BEGIN
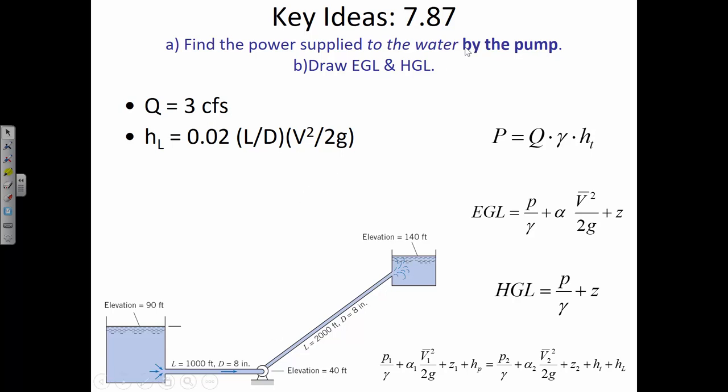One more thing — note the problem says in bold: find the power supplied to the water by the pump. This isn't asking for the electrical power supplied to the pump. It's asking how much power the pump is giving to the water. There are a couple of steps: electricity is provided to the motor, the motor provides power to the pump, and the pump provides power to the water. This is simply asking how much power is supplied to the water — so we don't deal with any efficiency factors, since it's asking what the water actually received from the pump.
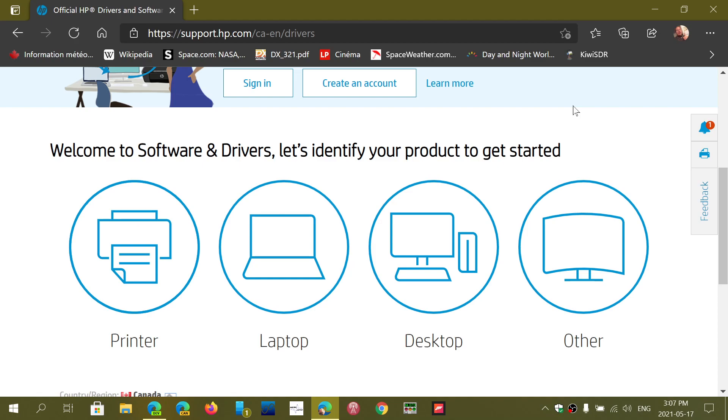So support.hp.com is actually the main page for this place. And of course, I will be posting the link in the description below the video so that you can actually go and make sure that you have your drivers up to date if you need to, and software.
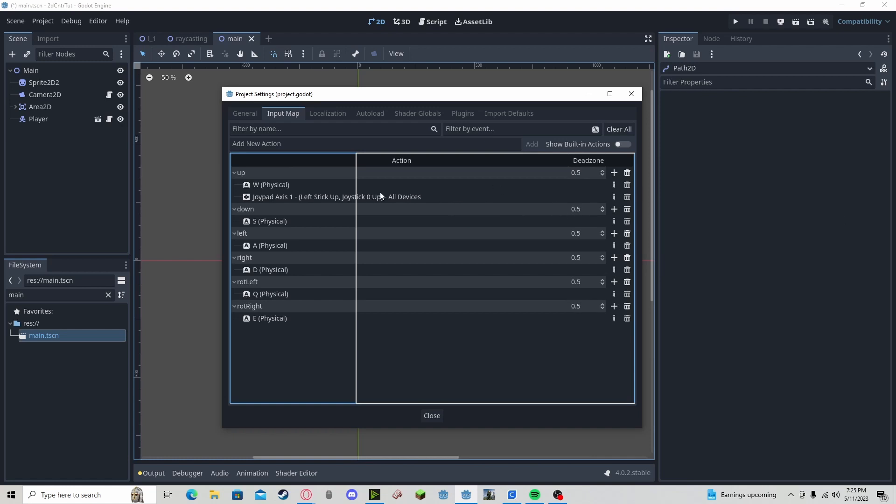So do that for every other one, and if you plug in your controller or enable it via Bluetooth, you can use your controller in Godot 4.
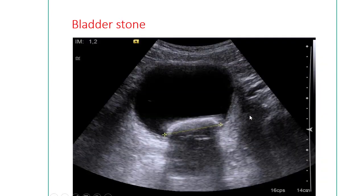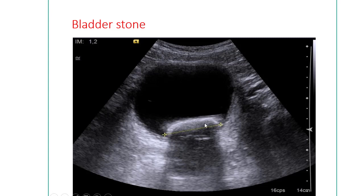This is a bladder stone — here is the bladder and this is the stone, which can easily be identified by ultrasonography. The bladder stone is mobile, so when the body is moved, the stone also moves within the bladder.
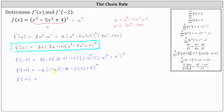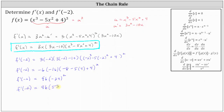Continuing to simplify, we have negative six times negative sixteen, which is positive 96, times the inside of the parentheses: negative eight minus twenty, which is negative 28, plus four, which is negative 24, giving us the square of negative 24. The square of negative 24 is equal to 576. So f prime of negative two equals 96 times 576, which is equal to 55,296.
END
BEGIN
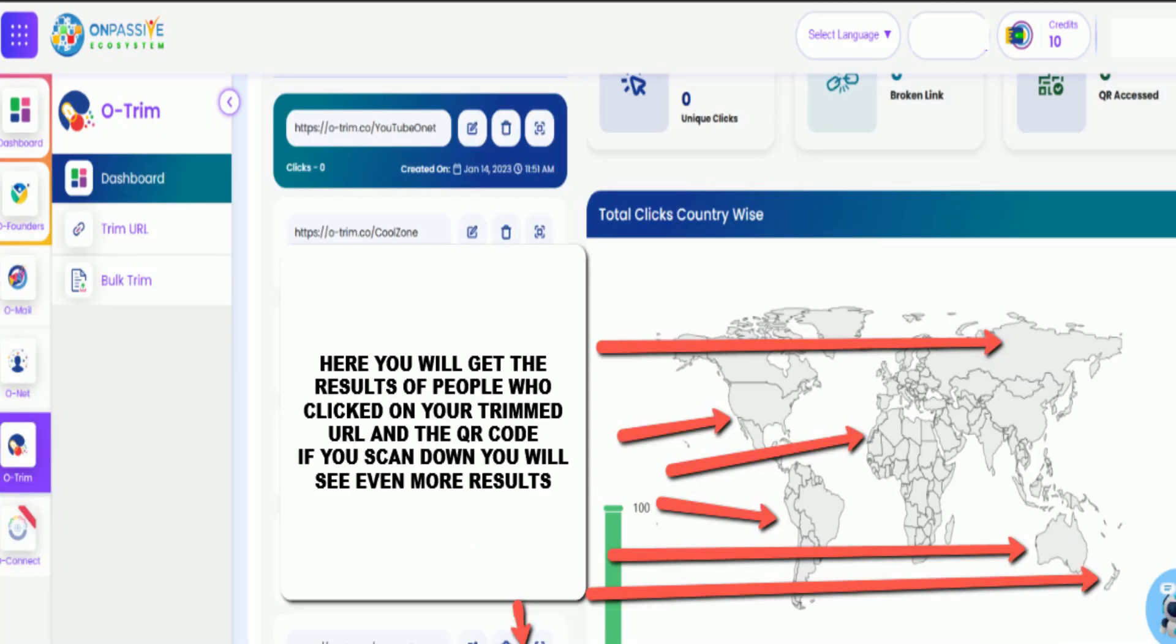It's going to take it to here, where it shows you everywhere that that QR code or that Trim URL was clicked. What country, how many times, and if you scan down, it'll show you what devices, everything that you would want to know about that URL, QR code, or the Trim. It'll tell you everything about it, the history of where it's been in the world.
END
▶ Aim of the exercise: Print an exact copy of the lines above, from the one containing "So do that for" through the one containing "This is a bladder", and leave out the pictures.

▶ Answer box:
So do that for every other one, and if you plug in your controller or enable it via Bluetooth, you can use your controller in Godot 4.
This is a bladder stone — here is the bladder and this is the stone, which can easily be identified by ultrasonography. The bladder stone is mobile, so when the body is moved, the stone also moves within the bladder.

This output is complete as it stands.